> **BRIEF**:
Skip any image you find and restate the rest of the data word for word.

> **RECORDED DATA**:
# # # # # # #

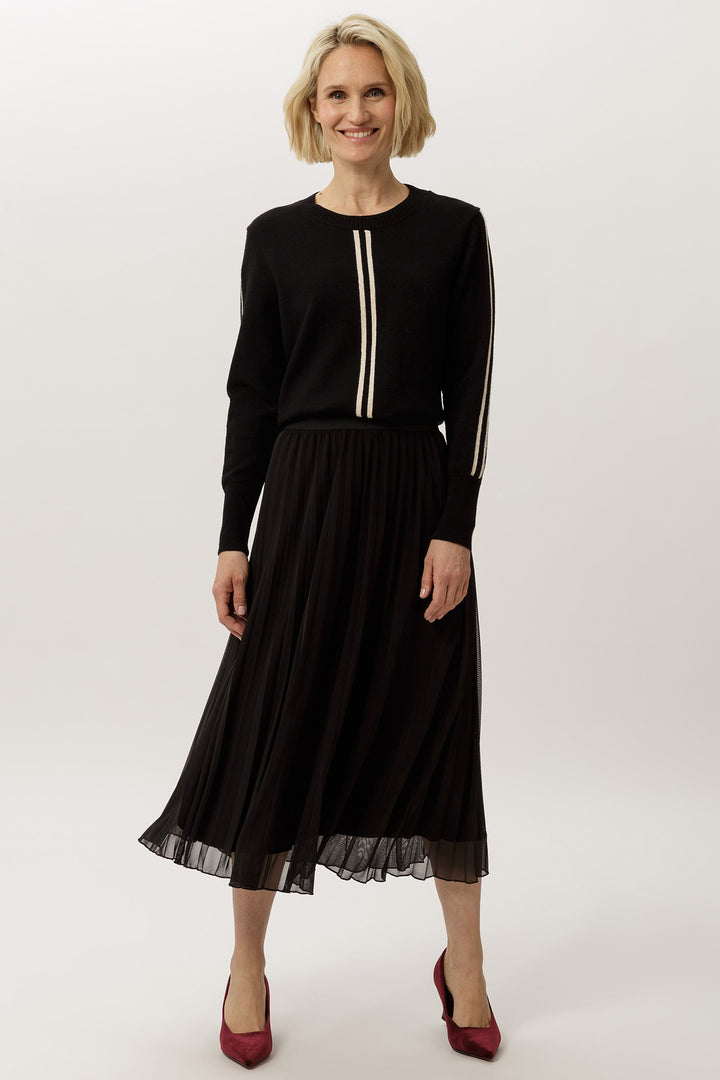Woman wearing a black outfit with a white background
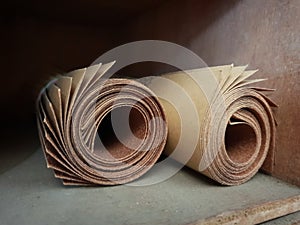 Rolled grit sand paper in a wood shelf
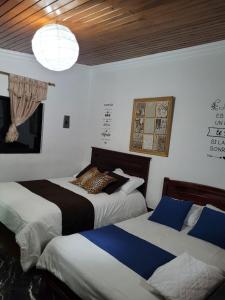 a bedroom with two beds and a chandelier at Casa de Mármol in Riobamba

# # # # # # #

> **RESPONSE BOX**:
Woman wearing a black outfit with a white background
 Rolled grit sand paper in a wood shelf
 a bedroom with two beds and a chandelier at Casa de Mármol in Riobamba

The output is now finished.